Cable Side Crunch

Cable Side Crunch

The Cable Side Crunch is a dynamic core exercise that targets the oblique muscles, helping to sculpt a strong and defined waistline. By using the resistance provided by the cable machine, this exercise challenges your core strength and stability. The continuous tension from the cable throughout the movement enhances muscle engagement and promotes overall stability. To perform the Cable Side Crunch, you typically start by standing sideways to the cable machine with your feet shoulder-width apart. Grasp the handle attached to the high pulley with one hand and place your other hand on your hip. Keeping your feet rooted and maintaining good posture, initiate the movement by bending laterally at the waist, bringing your elbow down towards your hip while contracting your oblique muscles. Slowly return to the starting position and repeat for the desired number of repetitions before switching sides. Adding the Cable Side Crunch to your workout routine can contribute to developing a stronger core and aiding in functional movements such as twisting, bending, and rotating. Remember to start with an appropriate weight on the cable machine, focusing on proper form and control rather than excessive resistance. As with any exercise, it's vital to listen to your body, progress at a comfortable pace, and make adjustments as needed. Incorporate the Cable Side Crunch into your core training sessions to complement other exercises such as planks, bicycle crunches, and Russian twists. Always seek guidance from a fitness professional or trainer if you're uncertain about proper form or if you have any existing injuries or limitations.

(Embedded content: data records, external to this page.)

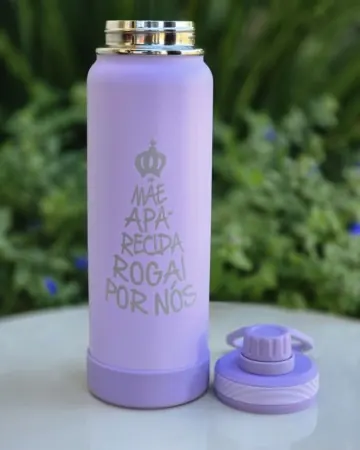 Afeto Presentes Religiosos - Garrafa Térmica - Santo Anjo do Senhor - Azul - com protetor de base (cópia)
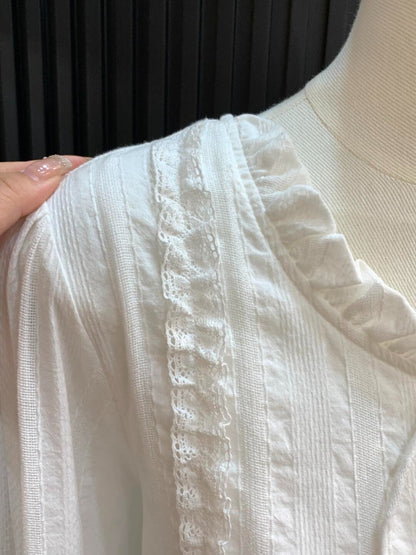 White Lace Trim Long Sleeve Blouse by Kalamet - product image 5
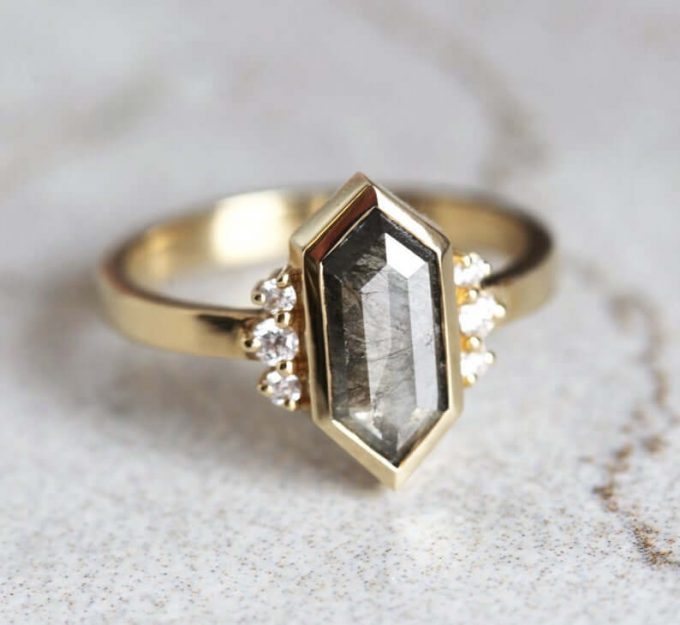 hexagon diamond engagement rings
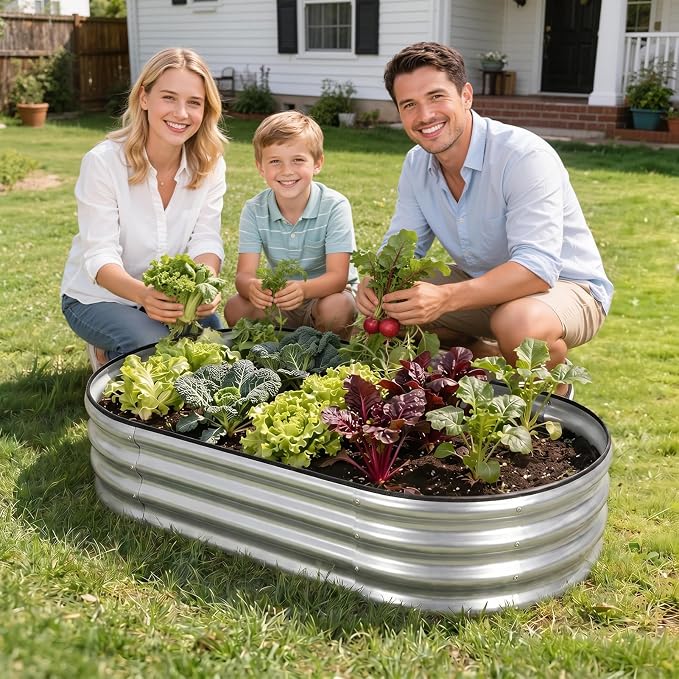 Galvanized Raised Garden Bed- Planter Garden Boxes Outdoor, Raised Beds for Gardening, 4x2x1ft Metal Garden Bed Kit for Vegetables Flower, Planter Raised Bed with Protective Tape & Tools.Silver-4pack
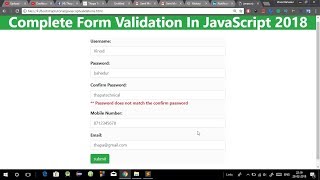 Complete Form Validation in JavaScript With Source Code 2018 Eng [upl. by Annibo]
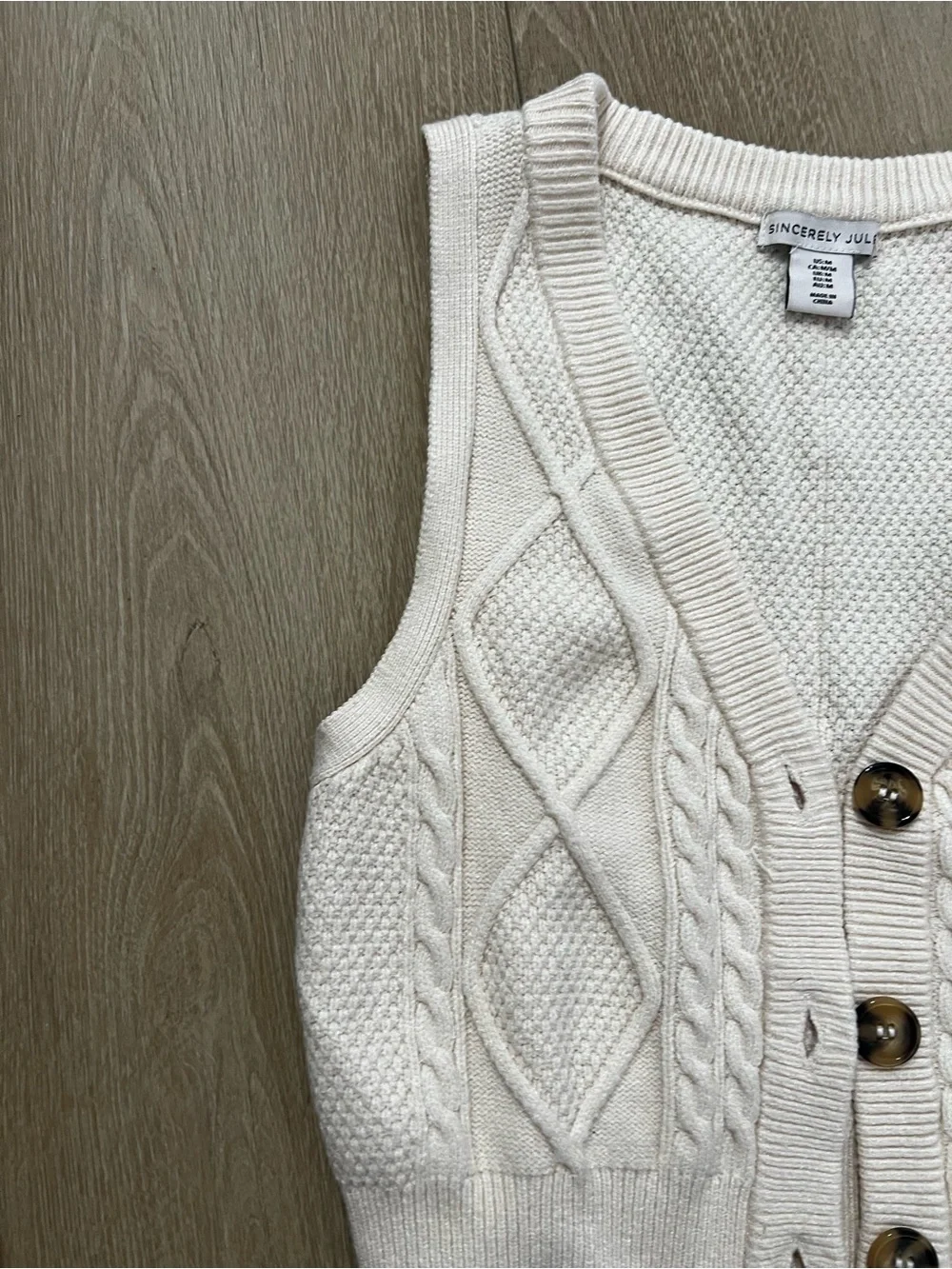Sincerly Jules Cream Cable Knit Button-Front Sweater Vest - Picture 3 of 8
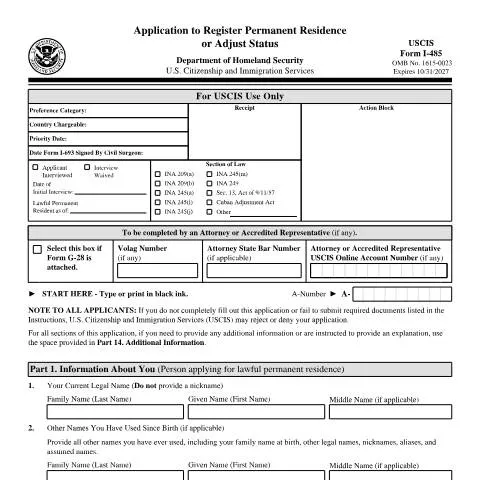 Document preview: Understanding USCIS Form I-485 for Green Card Applicants — Immigration & visas (CERFA n°I-485)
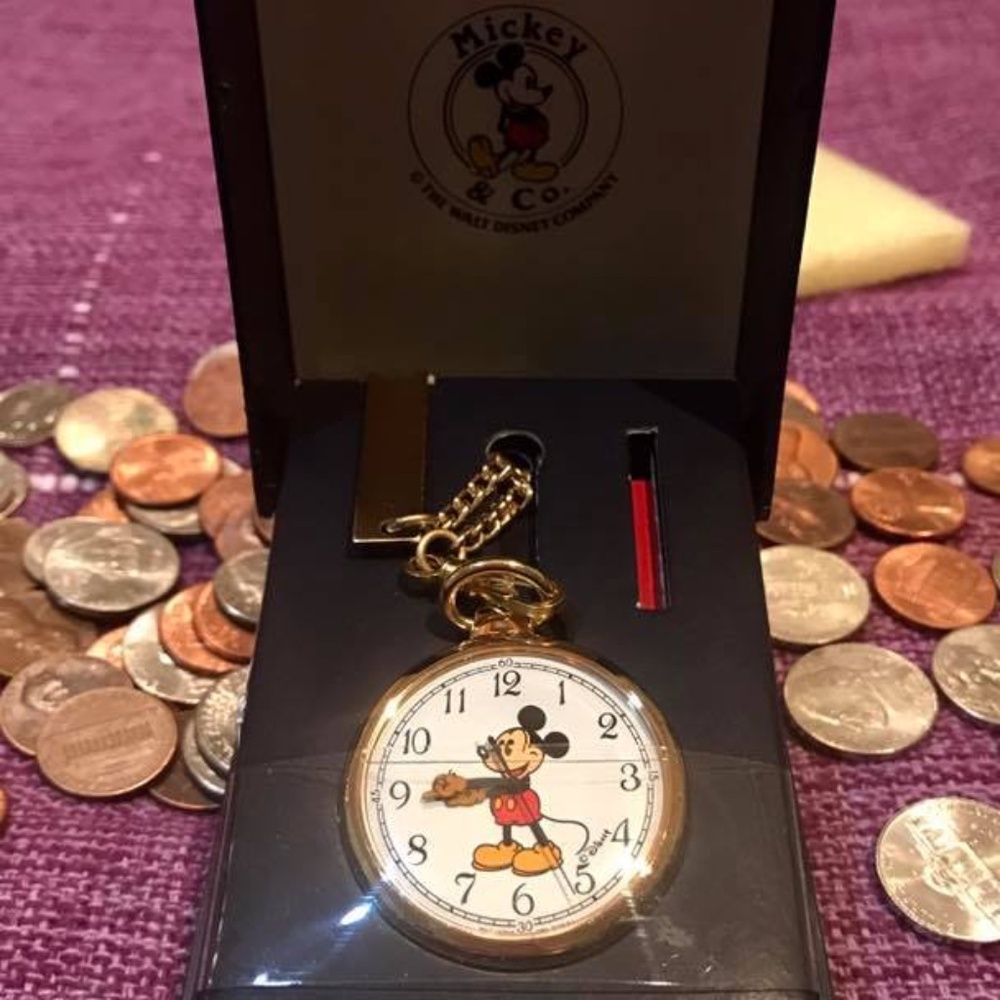 Mickey Mouse pocket Watch, Vintage. Stainless Steel back.
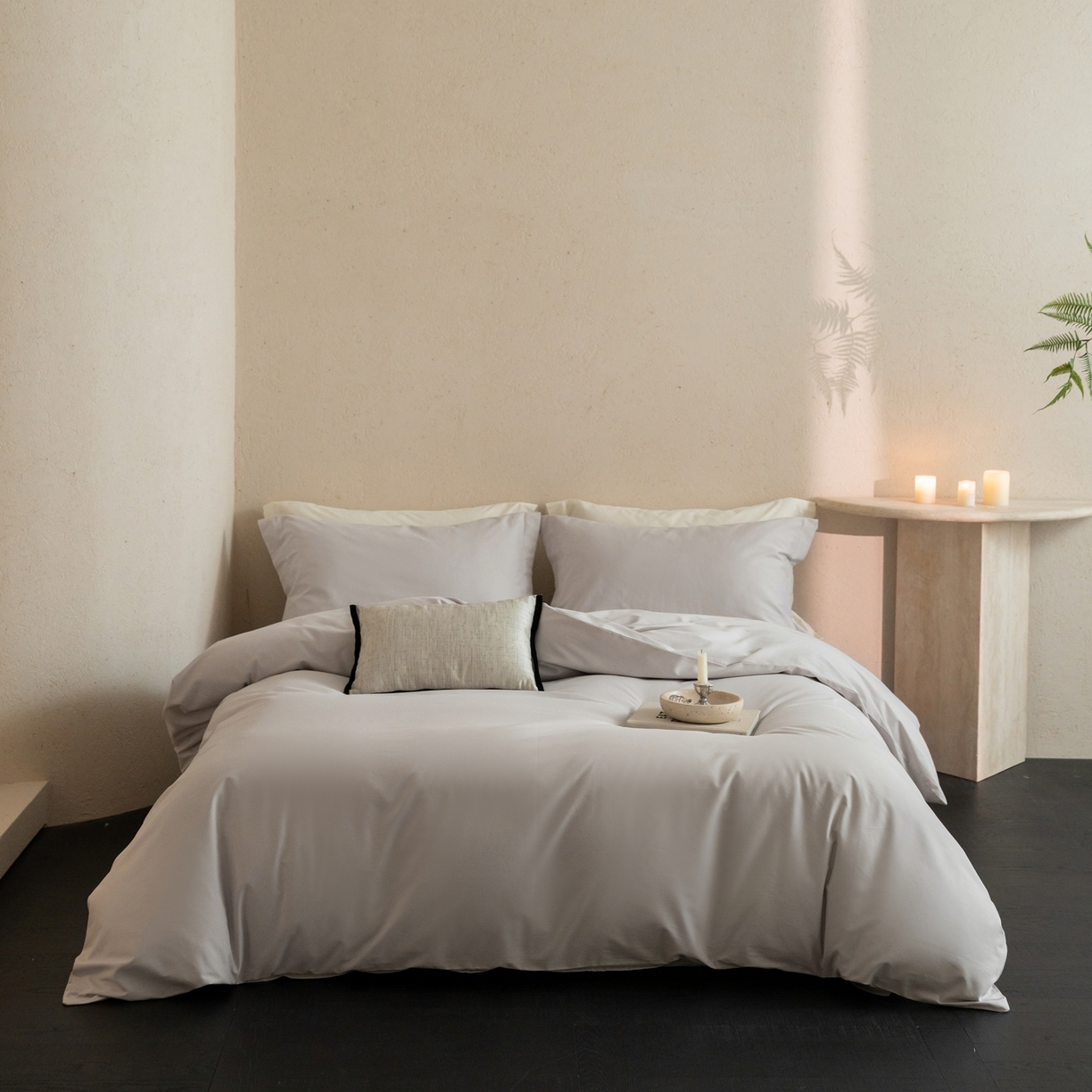 91家纺网 家纺一手货源 找家纺 ONE TWO ONE 121 2025宽边枕陶瓷一字绣磨毛四件套（会员：-10元） 极地灰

Add variety to your fitness routine and enjoy the benefits of a functional and strong core with the Cable Side Crunch.

Instructions

  • Stand sideways to a cable machine with your feet shoulder-width apart.
  • Hold onto the handle of the cable machine with the hand farthest from the machine.
  • Lift the cable and place it just above your shoulder.
  • Extend your arm fully to the side so that you feel tension in the cable.
  • Bend your torso towards the cable machine while keeping your lower body stationary.
  • Focus on contracting the oblique muscles on the side being worked.
  • Pause for a moment at the point of maximum contraction.
  • Slowly return to the starting position and repeat on the other side.
  • Perform the desired number of repetitions on each side.

Tips & Tricks

  • Focus on contracting your oblique muscles throughout the movement to maximize results.
  • Use a lighter weight and focus on proper form rather than using heavy resistance.
  • Incorporate the exercise into your regular abs routine to target the obliques.
  • Engage your core muscles by pulling your belly button towards your spine throughout the exercise.
  • Perform the exercise in a slow and controlled manner to prevent momentum and maintain tension on the obliques.
  • Utilize a full range of motion by fully extending your torso to each side, and avoid using your arms to pull and compensate for the movement.
  • Exhale during the crunch and squeeze the abs at the top of the movement for an extra contraction.
  • Keep your shoulders relaxed and avoid tension in the neck and upper body.
  • Add variety to your workout by alternating between different ab exercises to target different parts of the core.
  • Combine the cable side crunch with a healthy, balanced diet to promote overall abdominal definition.